The controversial history of the US military building shaped like a swastika

Above is a Google Earth image of the barracks at the Naval Base Coronado just outside San Diego, California. The buildings were designed in 1967 by an architect named John Mock and the shape didn't raise any concerns at the time, probably because planes don't fly overhead. Then Google Earth happened. Of course, the Swastika was an ancient religious symbol but its appropriation by the Nazis forever associated it with evil and hatred. So while it's highly unlikely that there was any hidden significance to the barracks design, it does continue to piss off a lot of people. From SFGATE:

[In 2007, a fellow named Avrahaum] Segol found documentation that the four-L swastika-like design was indeed known to the Navy and signed off by them before construction. An article published in the San Diego Union in October 1968, before ground was broken, stated that the four-L structure was to be built, contradicting the Navy's claim that only one "L" was planned[…]
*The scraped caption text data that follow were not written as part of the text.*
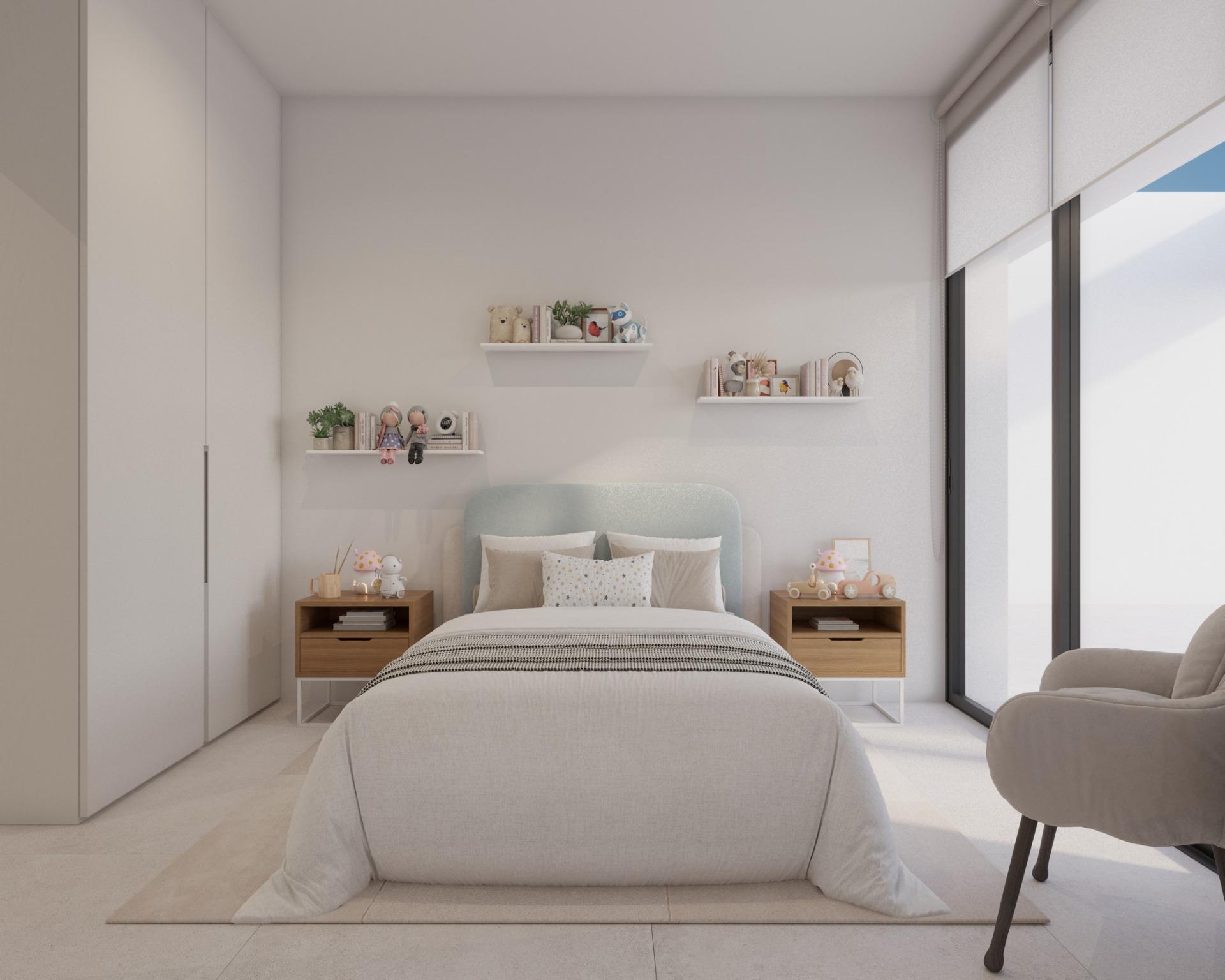 Villa te koop in Fuente Álamo | 3 slaapkamers H8987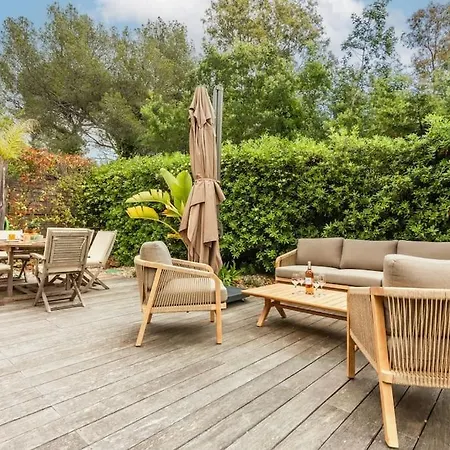 וילה St Raphael, 6 Pers, Piscine Saint-Raphaël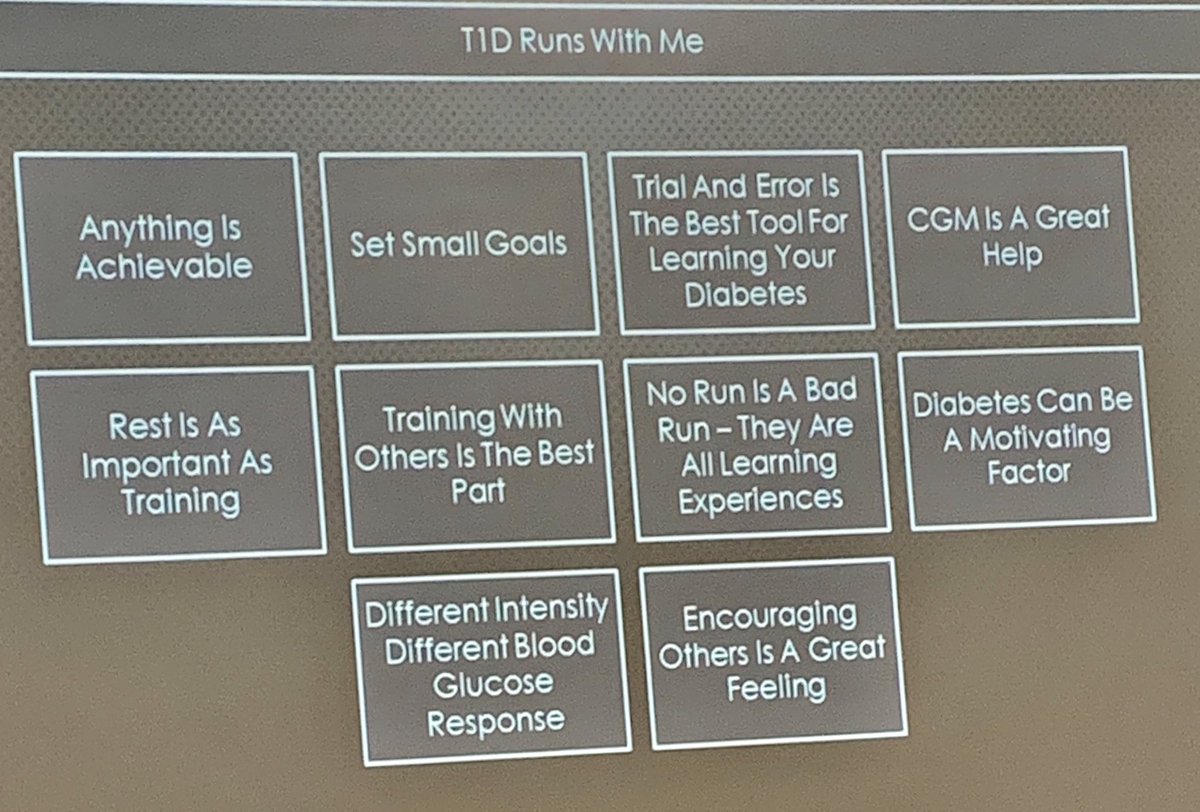 LisWarren's tweet image. Really inspiring talk from @type1bri at today’s London Discovery Day @JDRFUK Love how he’s used T1 as a motivator &amp;amp; positive influence, Boom! 🙌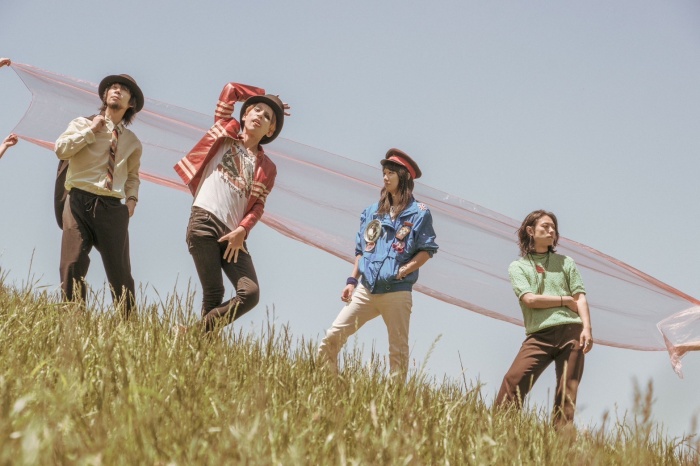 THE BOHEMIANS_アー写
After further protest from the Anti-Defamation League in San Diego, the Navy agreed to spend $600,000 of their 2008 budget on "camouflaging" the building to change its appearance from the air. The New York Times reported at the time that the Navy admitted the swastika likeness was known as far back as the '60s but had chosen not to do anything about it[…]

In 2010, the Navy sent a letter to Segol with plans to make the structure a square, and included blueprints on what the finished work would look like, with four new wing additions. That also never happened, though a $14 million dollar interior renovation project was completed on three of the four buildings in 2015, but the controversial exterior shape stayed the same. 

Here's a bonus theory as reported by Hidden San Diego:

The building WAS intentionally designed to look like a swastika and the two buildings next to it are designed as bomber planes flying towards it as a symbolism of destroying the Nazis.  After examining the two buildings next to it, they definitely resemble airplanes!